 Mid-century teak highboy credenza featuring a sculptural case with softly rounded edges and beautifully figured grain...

==

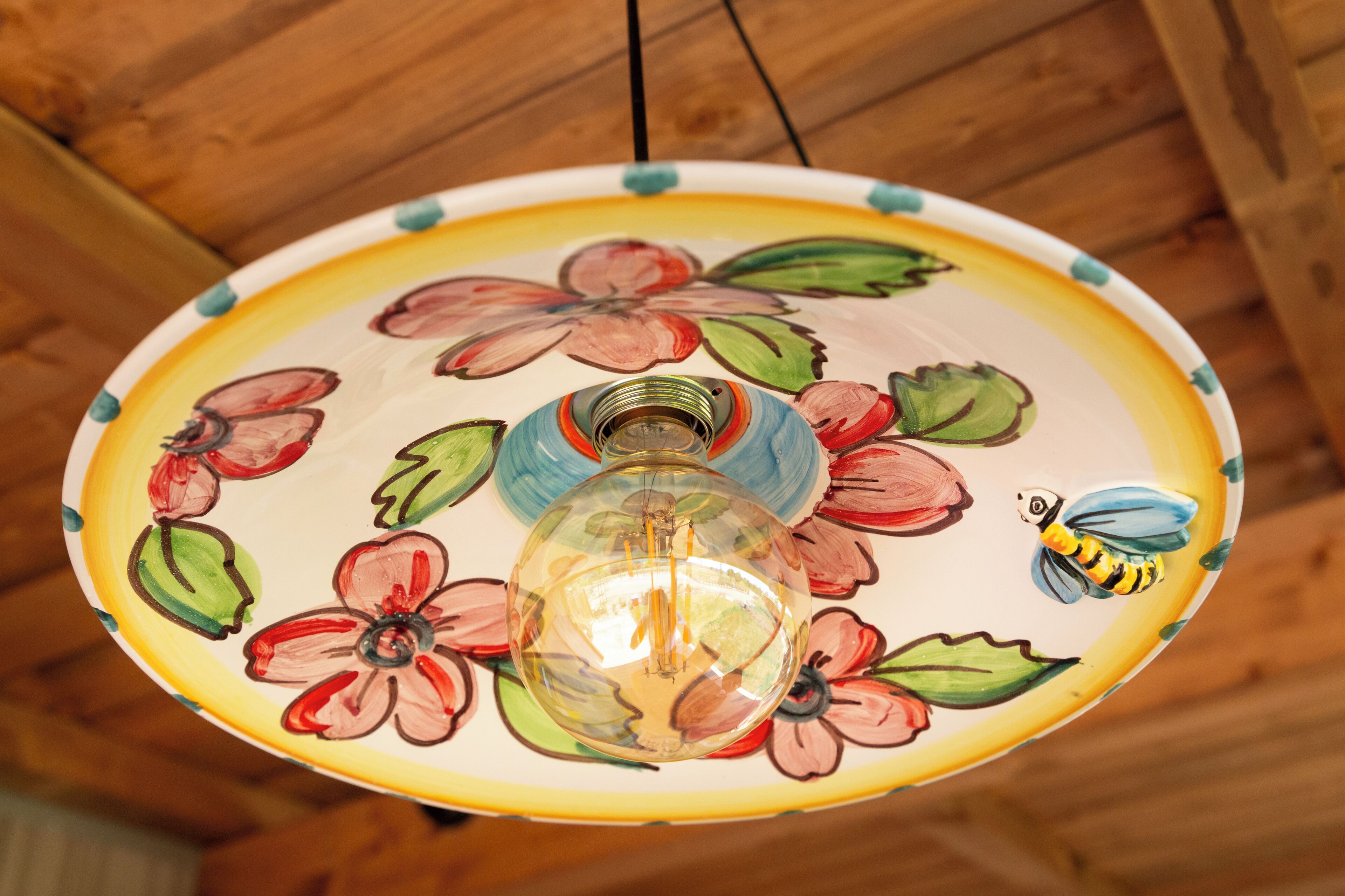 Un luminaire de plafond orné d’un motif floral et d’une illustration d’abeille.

--

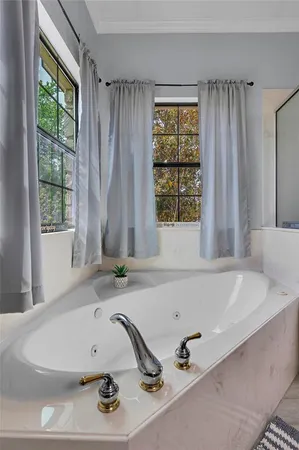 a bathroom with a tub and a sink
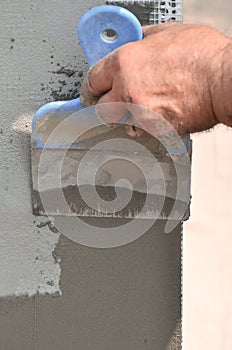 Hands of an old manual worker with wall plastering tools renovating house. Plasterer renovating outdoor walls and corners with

**Exercise description**
In the listing above, find the line containing "a bathroom with a tub and a sink" and the line containing "Hands of an", then print exactly those two lines and every line between them, minus the pictures.

**Response below**
 a bathroom with a tub and a sink
 Hands of an old manual worker with wall plastering tools renovating house. Plasterer renovating outdoor walls and corners with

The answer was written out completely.